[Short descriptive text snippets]

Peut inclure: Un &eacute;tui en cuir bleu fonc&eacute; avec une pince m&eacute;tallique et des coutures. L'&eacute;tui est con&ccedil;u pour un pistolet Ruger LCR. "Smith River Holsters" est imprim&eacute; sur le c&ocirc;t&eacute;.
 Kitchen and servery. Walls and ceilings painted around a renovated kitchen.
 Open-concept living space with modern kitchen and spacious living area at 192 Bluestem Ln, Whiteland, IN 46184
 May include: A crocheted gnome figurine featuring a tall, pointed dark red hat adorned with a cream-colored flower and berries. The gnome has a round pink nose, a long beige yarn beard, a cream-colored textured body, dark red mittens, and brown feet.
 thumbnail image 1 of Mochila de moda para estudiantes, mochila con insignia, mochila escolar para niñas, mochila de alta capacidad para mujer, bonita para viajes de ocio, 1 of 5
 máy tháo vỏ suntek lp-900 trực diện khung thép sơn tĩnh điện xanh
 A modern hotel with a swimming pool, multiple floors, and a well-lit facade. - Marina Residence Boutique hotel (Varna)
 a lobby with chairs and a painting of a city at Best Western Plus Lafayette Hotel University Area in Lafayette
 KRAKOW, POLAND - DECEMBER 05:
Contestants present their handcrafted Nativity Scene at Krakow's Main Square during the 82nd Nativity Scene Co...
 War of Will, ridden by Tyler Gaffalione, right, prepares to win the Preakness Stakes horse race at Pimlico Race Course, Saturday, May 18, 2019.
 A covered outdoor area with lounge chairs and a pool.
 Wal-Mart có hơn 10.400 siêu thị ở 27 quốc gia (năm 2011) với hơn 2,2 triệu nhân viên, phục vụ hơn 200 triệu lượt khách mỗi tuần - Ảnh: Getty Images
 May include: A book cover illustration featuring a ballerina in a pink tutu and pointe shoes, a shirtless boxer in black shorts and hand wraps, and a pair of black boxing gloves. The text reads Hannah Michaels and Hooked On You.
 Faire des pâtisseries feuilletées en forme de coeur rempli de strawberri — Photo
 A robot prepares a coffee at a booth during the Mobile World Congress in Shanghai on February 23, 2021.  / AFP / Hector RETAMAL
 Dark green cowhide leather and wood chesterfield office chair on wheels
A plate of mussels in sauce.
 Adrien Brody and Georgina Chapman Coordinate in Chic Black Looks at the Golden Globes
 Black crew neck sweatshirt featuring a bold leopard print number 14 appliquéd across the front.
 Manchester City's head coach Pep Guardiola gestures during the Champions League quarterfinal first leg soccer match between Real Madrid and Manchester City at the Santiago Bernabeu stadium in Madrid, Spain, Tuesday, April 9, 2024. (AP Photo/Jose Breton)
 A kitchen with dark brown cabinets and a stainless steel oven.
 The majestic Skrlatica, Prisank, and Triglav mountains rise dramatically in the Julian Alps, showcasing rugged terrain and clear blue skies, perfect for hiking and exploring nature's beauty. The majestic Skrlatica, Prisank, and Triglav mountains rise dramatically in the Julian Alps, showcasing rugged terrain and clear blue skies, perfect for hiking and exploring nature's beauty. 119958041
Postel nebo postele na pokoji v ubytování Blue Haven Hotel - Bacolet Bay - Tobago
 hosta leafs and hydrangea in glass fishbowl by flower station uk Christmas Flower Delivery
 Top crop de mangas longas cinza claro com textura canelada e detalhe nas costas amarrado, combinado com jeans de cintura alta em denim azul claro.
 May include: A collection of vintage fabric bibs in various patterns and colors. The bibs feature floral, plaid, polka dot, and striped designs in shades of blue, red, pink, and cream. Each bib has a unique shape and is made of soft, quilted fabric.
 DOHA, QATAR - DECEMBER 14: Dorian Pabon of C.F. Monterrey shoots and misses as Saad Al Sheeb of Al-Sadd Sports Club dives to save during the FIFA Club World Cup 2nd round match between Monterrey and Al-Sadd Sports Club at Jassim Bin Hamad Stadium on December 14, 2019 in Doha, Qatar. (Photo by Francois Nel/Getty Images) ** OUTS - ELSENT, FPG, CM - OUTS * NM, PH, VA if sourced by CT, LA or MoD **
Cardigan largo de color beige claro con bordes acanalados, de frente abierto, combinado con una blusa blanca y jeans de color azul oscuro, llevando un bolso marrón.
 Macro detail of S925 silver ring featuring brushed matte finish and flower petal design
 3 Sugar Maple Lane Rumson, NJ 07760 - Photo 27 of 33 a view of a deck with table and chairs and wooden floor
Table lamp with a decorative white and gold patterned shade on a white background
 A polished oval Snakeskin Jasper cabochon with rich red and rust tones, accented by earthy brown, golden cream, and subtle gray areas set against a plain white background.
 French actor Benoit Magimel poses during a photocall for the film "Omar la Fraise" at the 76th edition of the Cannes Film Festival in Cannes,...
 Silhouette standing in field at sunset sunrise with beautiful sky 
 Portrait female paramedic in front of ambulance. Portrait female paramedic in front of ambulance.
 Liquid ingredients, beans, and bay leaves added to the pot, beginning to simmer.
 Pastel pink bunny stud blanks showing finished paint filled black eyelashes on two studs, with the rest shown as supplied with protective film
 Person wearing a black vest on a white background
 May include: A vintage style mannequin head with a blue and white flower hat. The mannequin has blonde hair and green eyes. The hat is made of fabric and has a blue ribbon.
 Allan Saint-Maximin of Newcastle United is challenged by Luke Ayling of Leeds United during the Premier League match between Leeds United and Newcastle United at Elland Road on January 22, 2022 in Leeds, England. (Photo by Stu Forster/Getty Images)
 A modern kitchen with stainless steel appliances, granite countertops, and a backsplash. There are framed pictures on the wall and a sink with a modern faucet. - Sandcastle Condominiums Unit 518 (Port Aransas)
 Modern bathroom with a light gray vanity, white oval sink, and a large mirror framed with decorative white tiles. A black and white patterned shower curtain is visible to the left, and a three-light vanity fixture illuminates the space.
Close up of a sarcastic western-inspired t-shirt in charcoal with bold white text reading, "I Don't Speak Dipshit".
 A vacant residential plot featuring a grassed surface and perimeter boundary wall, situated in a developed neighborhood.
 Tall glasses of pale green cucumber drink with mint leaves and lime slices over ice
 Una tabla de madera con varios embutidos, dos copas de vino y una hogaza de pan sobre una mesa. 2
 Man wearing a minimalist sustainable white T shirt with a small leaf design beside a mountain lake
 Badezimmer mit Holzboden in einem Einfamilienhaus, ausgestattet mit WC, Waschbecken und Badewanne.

EXERCISE INSTRUCTIONS
After locating the line with "A modern hotel" above, return that line and every later line through the one with "A covered outdoor", word for word and with nothing else.

EXPECTED OUTPUT
 A modern hotel with a swimming pool, multiple floors, and a well-lit facade. - Marina Residence Boutique hotel (Varna)
 a lobby with chairs and a painting of a city at Best Western Plus Lafayette Hotel University Area in Lafayette
 KRAKOW, POLAND - DECEMBER 05:
Contestants present their handcrafted Nativity Scene at Krakow's Main Square during the 82nd Nativity Scene Co...
 War of Will, ridden by Tyler Gaffalione, right, prepares to win the Preakness Stakes horse race at Pimlico Race Course, Saturday, May 18, 2019.
 A covered outdoor area with lounge chairs and a pool.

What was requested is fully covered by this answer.